Stand it up as a sword-and-shield warrior or fold it down onto four legs and pop the wings out, and it holds its own either way. The colour work is some of the best Dreamzzz has done, and the Nightmare Emperor might be my favourite villain fig in the whole theme. It is aimed at kids, and if you want a mech you can pose in mid-stride the stiff ankles will bug you, but for the money it delivers a lot of set.

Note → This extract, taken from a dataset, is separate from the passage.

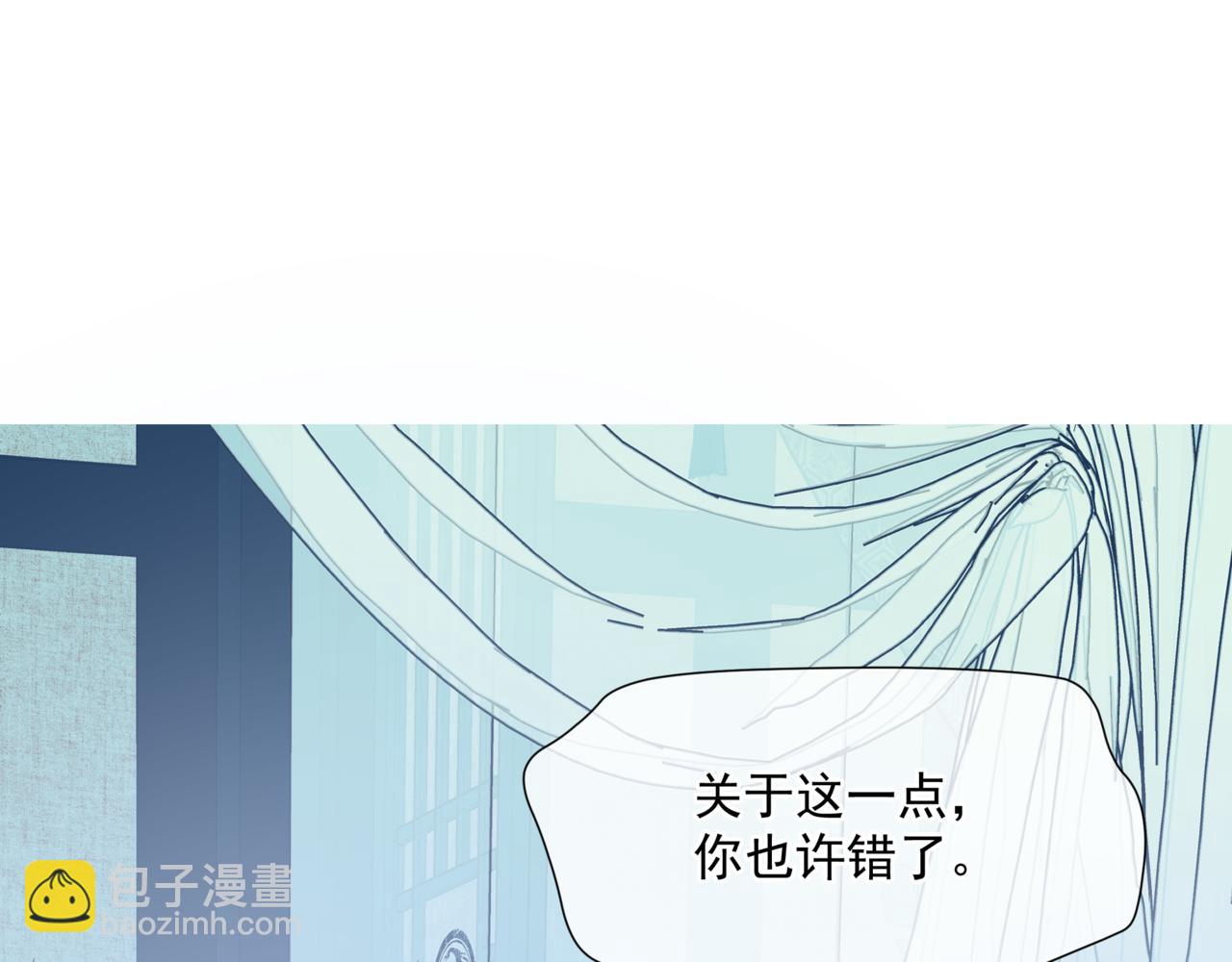 魔尊要抱抱 - 第41話 療傷(4/5) - 4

Best for: Dreamzzz fans and younger builders who want a display piece that doubles as two toys
What it is
The first time I folded this fox down from its standing warrior pose onto all four legs and clicked the wings into place, I actually grinned. Dreamzzz has done a lot of animal builds by now, but never a fox, and this is a really good one to start with. You build a single creature that lives in two forms: a powerful two-legged warrior holding a sword and shield, or a majestic four-legged guardian with wings spread. What I love is that neither mode feels like the leftover. Usually with these dual-build sets one configuration is clearly the hero and the other is an afterthought, but here both stances look deliberate and both earn a spot on the shelf. It stands over ten inches tall, the colour palette is that lovely saturated Dreamzzz mix, and the whole thing reads as genuinely magical rather than just a robot with fox ears bolted on.
The catch
I will be straight with you about where it falls down. The articulation is the sticking point. Reviewers keep landing on the same complaint, which is that the ankle movement is so limited you cannot really pose it in a moving, mid-stride stance. It stands, it sits on four legs, and that is roughly your lot for dynamic posing. If you are the kind of builder who wants to freeze a mech mid-lunge, this one will frustrate you. The other honest note is price. At 79.99 dollars for 883 pieces, the value is in the character and the transformation, not the raw part count, so if you are shopping purely on cost per brick this is not your bargain. And swapping between the warrior and the guardian is a proper rebuild rather than a two-second flip, which matters more if you are buying this for a young child who expects instant transformation like a store toy.
Who it's for
So who should actually get this. If you follow Dreamzzz, or you are buying for a kid between roughly seven and twelve who likes the show, this is an easy yes. It photographs beautifully, the play value is real thanks to the two modes and the villain drama built in, and it looks fantastic displayed either way. If you are an adult collector chasing posability and engineering cleverness above all, temper your expectations, because the stiff joints will nag at you and the transformation is more rebuild than gimmick. But taken for what it is, a striking, colourful, genuinely two-in-one creature build with a killer villain figure, it is one of the better mid-size Dreamzzz sets and I have no trouble recommending it.
The parts story
What the build is actually like, and the pieces worth knowing about.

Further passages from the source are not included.